=== Begin Enclosure ===

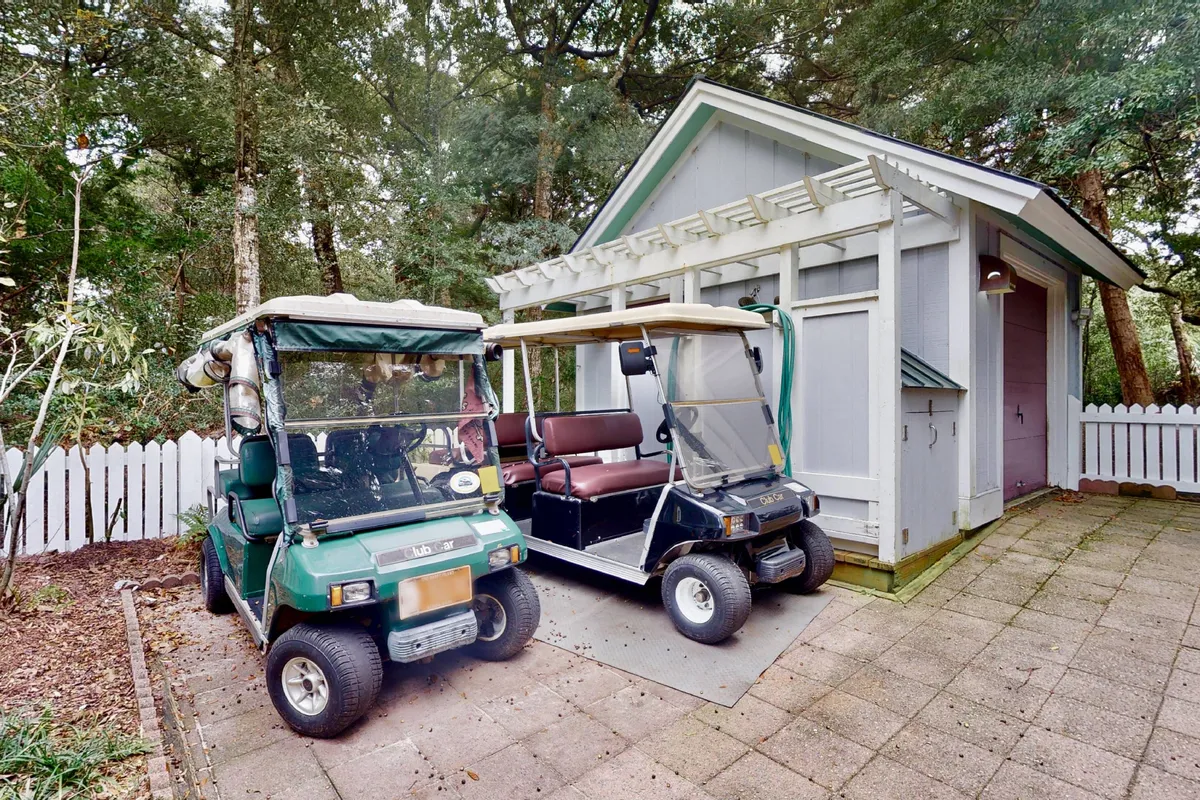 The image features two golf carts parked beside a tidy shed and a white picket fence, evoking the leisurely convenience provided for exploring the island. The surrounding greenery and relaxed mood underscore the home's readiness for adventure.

=== End Enclosure ===
=== Begin Enclosure ===

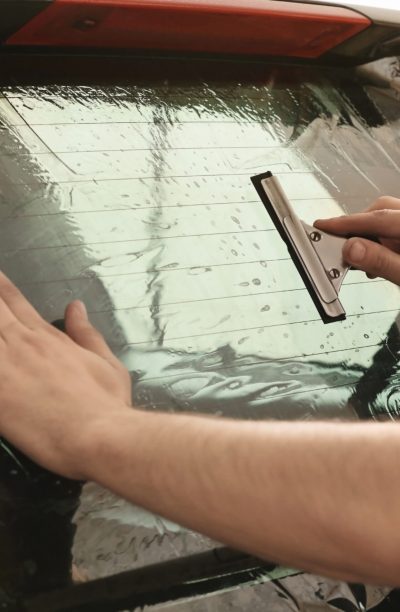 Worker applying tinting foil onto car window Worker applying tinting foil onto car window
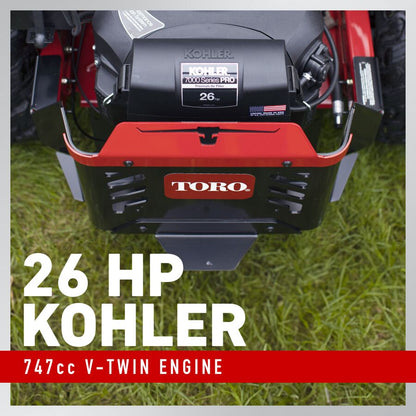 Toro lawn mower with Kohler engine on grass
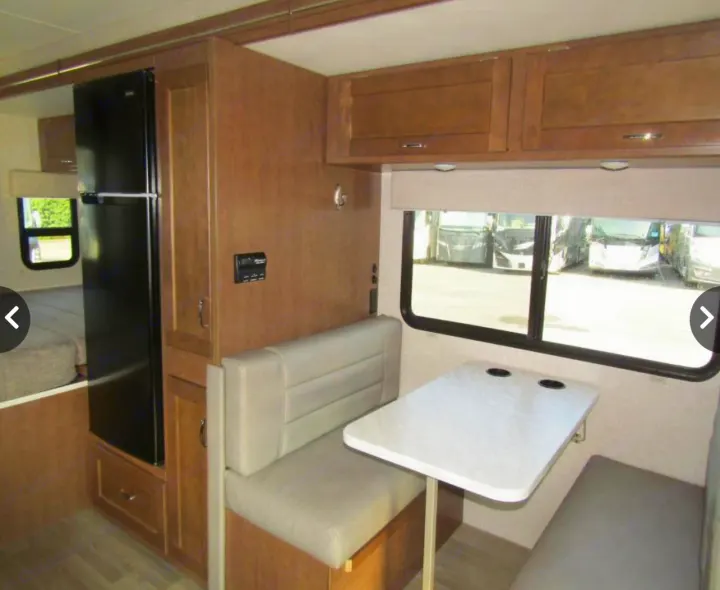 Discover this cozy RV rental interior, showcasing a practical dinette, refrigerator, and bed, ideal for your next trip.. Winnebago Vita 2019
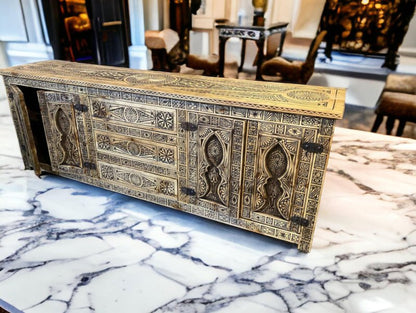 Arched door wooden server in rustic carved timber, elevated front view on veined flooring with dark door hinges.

=== End Enclosure ===
=== Begin Enclosure ===

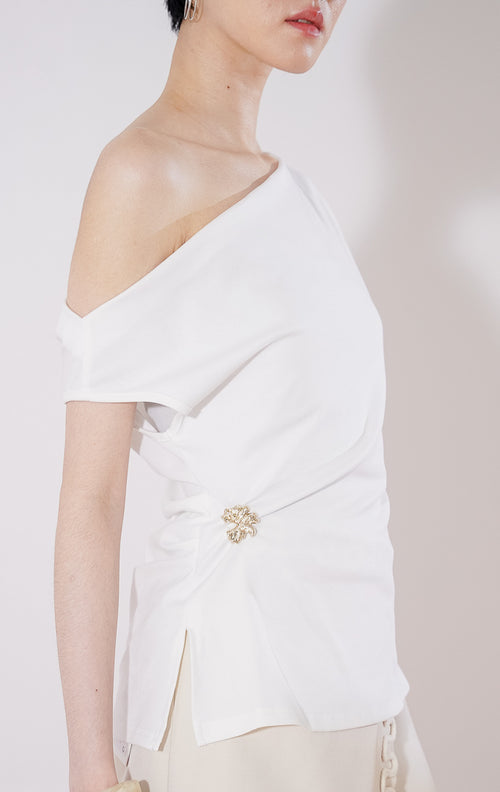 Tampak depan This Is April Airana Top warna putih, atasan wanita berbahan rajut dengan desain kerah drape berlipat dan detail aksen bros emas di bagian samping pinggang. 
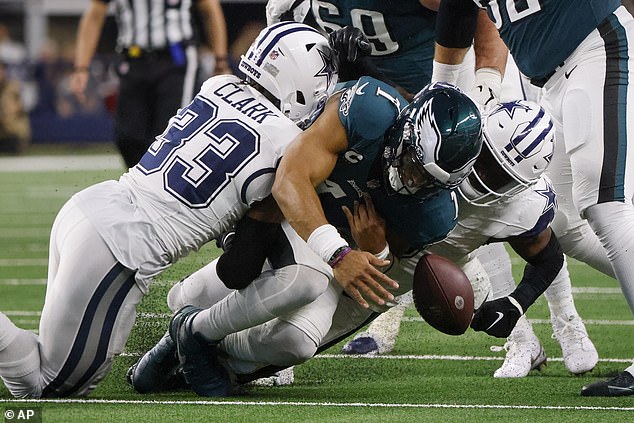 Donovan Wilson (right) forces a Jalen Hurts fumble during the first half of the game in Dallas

=== End Enclosure ===

### The problem
Give again, exactly as written above, each line from the one that has "Discover this cozy" to the one that has "Arched door wooden", both included; omit the pictures.

### Answer space
 Discover this cozy RV rental interior, showcasing a practical dinette, refrigerator, and bed, ideal for your next trip.. Winnebago Vita 2019
 Arched door wooden server in rustic carved timber, elevated front view on veined flooring with dark door hinges.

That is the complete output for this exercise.